The next important quality is size: go for the largest you can afford. Very small pixels mean all text will be very small unless enlarged by some tricks.
Suppose I take a picture of a scene using a normal (argentic) film in a 35mm camera. I will get a negative or a slide of 36mmx24mm. Scanning the film to convert it to a digital image will give me a grid of pixels. That grid has a certain definition. If I scan a 36mmx24mm film frame at a resolution of 1200 pixels per inch (47 per mm) I will get an image that has 1700x1133 pixels. If I scan at a higher resolution, I will capture more detail in my digital image, but I will also have more pixels to hold that information and the file on disk will be larger.
If I keep scanning at higher resolutions, there will be a point at which I will start to notice the grain of the film. This will happen earlier with high-speed film (400 ASA and above) than if I use low-speed film (64 ASA and below). There is generally no use in obtaining more than 4000x3000 pixels from 35mm film. There is either film grain, or the limits of the optical quality of the camera will have been reached: the photo is not that sharp.
The same is true of scanning paper prints with flatbed scanners.
But whatever I do, I end up with a computer disk file whereby the only important measure I have is the definition: the number of pixels. Digital images do not have dimensions in mm!
I have a digital photo at reasonable definition, say 1200x900 pixels. The graphic designer at a newspaper now asks me to send a copy at 300dpi (300 dots-per-inch or 300 pixels per inch or 12 pixels per mm, a common requirement to obtain quality prints).
What does this mean? The request is without meaning unless they tell me also how wide the printed picture should be (in mm).
If they print my image at the requested 12 pixels per mm, they are going to get a printout that is 100mm wide, only 10 cm. Is that what they want?
What if they want the photo to fill the entire width of an A3 page in a tabloid? That is almost 30cm wide, I have only one third of the pixels to cover that if they want 12 pixels per mm!
What if they want to use it for a small illustration of only 5cm wide? Then I have twice the number of pixels they need.
If the graphic designer does not give you the width at which he/she wants to print, ask for it.
Once you know what is wanted, you can then perhaps transform the image.
Suppose your graphic designer wants to print the image 15cm wide at 12 pixels/mm and your digital image is 1200x900.
You need to supply 150mmx12pixels/mm =1800 pixels and you have only 1200.
First, it is always good to have the "original" at hand: if that is a slide or negative, you can always try to scan it at higher resolution if your digital copy has not enough pixels to satisfy the designer.
But if the image was made with a digital camera, then it is the original.

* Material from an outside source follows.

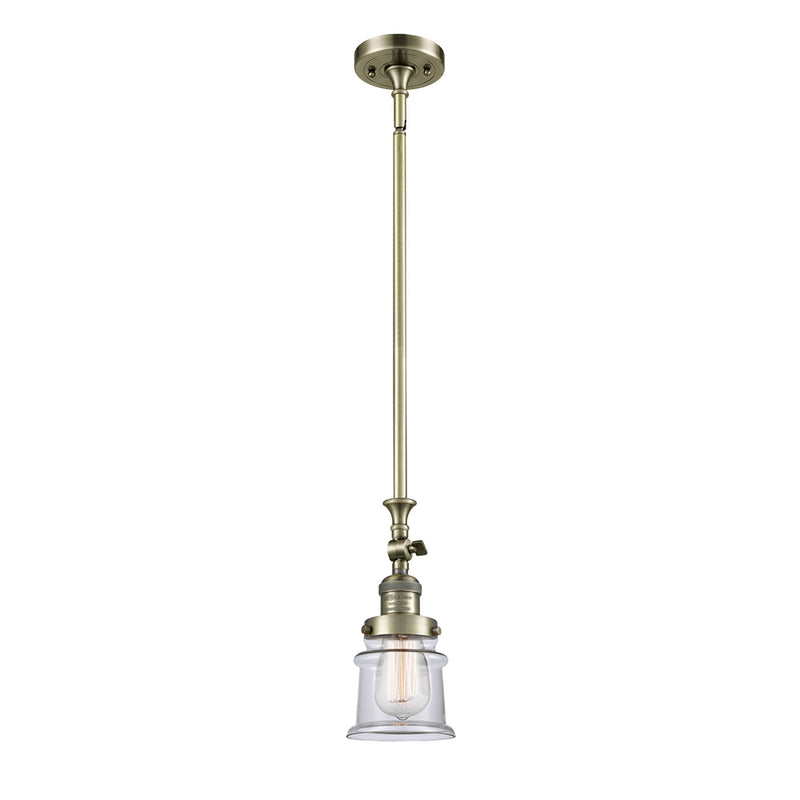 Canton Mini Pendant shown in the Antique Brass finish with a Clear shade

There is no way to obtain a better picture at a higher definition.
Fortunately there are imaging tools to help a little bit: they can add the extra pixels by filling them in. They spread the information in the original over more pixels. This will satisfy the graphic designer, but it will of course not give a more detailed image: you will in fact have used 1200 pixels worth of information to spread it over 1800 pixels.
You can see what happens in the exaggerated case of the 30x22 image with the letter boxes:
![]() B |
![]() |
The left picture is 30x22 the familiar B, the right one is 300x220 whereby the information was taken from B and was cleverly spread out by the imaging application.

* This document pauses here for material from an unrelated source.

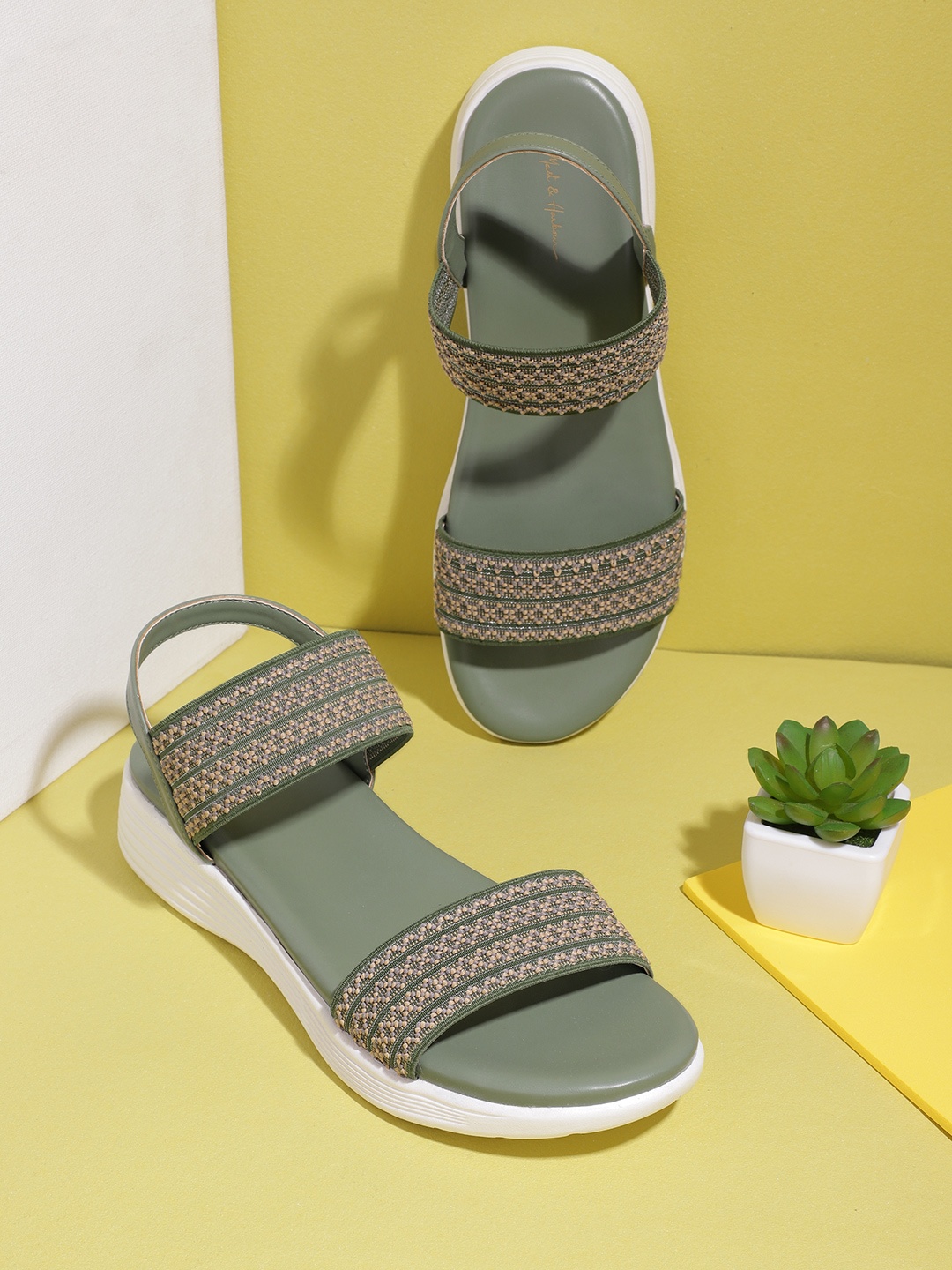 

Mast & Harbour Women Woven Design & Striped Open Toe Flats, Olive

Although not good, it's more acceptable to the eye. The following two are a more realistic example where the 300x220 image was transformed into a larger 400x293 image:
![]() A |
![]() |
At the left the original 300x220 image A, and at the right the same scene transformed to a 400x293 image. The "spreading" is almost not noticeable.
The graphic designer should of course do this work, not you:
The case where you have more pixels than needed is of course easier: just send the file, the graphic designer will throw the extra info away.